一.前言
用户向YARN ResourceManager提交应用程序, ResourceManager收到提交请求后, 先向资源调度器申请用以启动ApplicationMaster的资源, 待申请到资源后,再由ApplicationMasterLauncher与对应的NodeManager通信, 从而启动应用程序的ApplicationMaster。
二. 属性
一共有四个主要属性.
其中最重要的就三个.
masterEvents : 阻塞式队列
launcherPool: 工作线程池
launcherHandlingThread : 任务下发工作线程, 单线程执行, 用于监控masterEvents队列领取任务. 并将任务下发给launcherPool执行.

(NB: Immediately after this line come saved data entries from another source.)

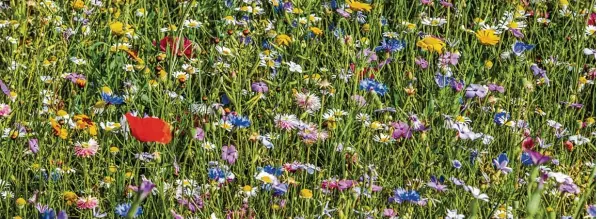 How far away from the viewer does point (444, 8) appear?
298cm

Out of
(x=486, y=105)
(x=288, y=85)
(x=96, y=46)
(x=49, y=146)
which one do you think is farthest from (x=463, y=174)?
(x=96, y=46)

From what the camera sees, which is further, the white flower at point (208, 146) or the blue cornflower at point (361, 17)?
the blue cornflower at point (361, 17)

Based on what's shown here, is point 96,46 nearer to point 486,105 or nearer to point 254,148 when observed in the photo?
point 254,148

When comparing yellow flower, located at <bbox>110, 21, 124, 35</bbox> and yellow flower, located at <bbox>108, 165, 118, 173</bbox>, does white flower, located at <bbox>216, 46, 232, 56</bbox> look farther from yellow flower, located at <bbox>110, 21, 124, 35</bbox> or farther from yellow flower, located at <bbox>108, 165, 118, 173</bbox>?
yellow flower, located at <bbox>108, 165, 118, 173</bbox>

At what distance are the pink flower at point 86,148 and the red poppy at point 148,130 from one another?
434mm

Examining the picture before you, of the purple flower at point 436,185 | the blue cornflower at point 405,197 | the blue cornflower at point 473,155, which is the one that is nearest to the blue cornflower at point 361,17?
the blue cornflower at point 473,155

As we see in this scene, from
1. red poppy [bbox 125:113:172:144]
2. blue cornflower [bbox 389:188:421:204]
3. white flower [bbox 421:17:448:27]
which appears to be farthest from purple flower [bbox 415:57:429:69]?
red poppy [bbox 125:113:172:144]

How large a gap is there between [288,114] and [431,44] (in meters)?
0.47

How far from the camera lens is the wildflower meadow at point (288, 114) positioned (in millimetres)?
1880

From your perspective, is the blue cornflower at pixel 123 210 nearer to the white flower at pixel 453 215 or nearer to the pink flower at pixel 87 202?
the pink flower at pixel 87 202

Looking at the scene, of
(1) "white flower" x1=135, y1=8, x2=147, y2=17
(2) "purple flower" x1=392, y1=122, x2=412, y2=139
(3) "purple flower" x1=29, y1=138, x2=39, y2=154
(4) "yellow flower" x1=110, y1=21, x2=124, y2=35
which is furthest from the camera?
(1) "white flower" x1=135, y1=8, x2=147, y2=17

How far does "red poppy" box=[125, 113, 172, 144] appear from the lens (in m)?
1.54

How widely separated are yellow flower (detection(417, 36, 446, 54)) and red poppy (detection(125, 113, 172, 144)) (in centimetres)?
103

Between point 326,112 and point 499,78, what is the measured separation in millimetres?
532
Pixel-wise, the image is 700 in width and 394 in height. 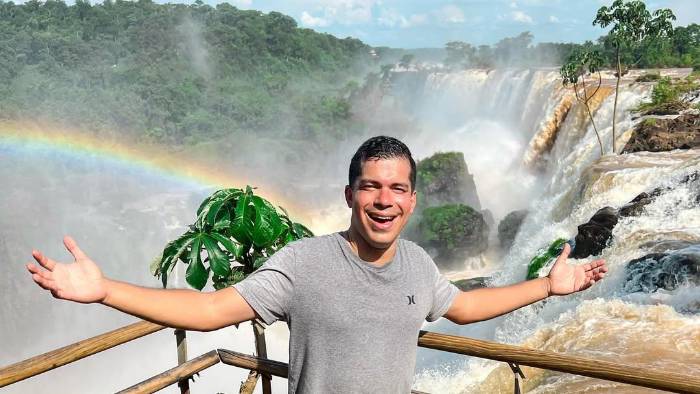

// ApplicationMasterLauncher 线程池
private ThreadPoolExecutor launcherPool;
// [ 主 ] 工作线程, 单线程执行, 用于监控masterEvents队列,
// 并将任务下发给launcherPool执行.
private LauncherThread launcherHandlingThread;
// 阻塞式队列
private final BlockingQueue<Runnable> masterEvents = new LinkedBlockingQueue<Runnable>();
// RM的 context信息 : RMContextImpl
protected final RMContext context;
三.构造方法
由ResourceManager在调用serviceInit方法时调用.
主要是构建主工作线程: launcherHandlingThread
public ApplicationMasterLauncher(RMContext context) {
super(ApplicationMasterLauncher.class.getName());
this.context = context;
// 构建工作线程
this.launcherHandlingThread = new LauncherThread();
}
四. serviceInit
主要是初始化工作线程池launcherPool.
@Override
protected void serviceInit(Configuration conf) throws Exception {
// 默认线程数量 : 50
int threadCount = conf.getInt(
YarnConfiguration.RM_AMLAUNCHER_THREAD_COUNT,
YarnConfiguration.DEFAULT_RM_AMLAUNCHER_THREAD_COUNT);
ThreadFactory tf = new ThreadFactoryBuilder()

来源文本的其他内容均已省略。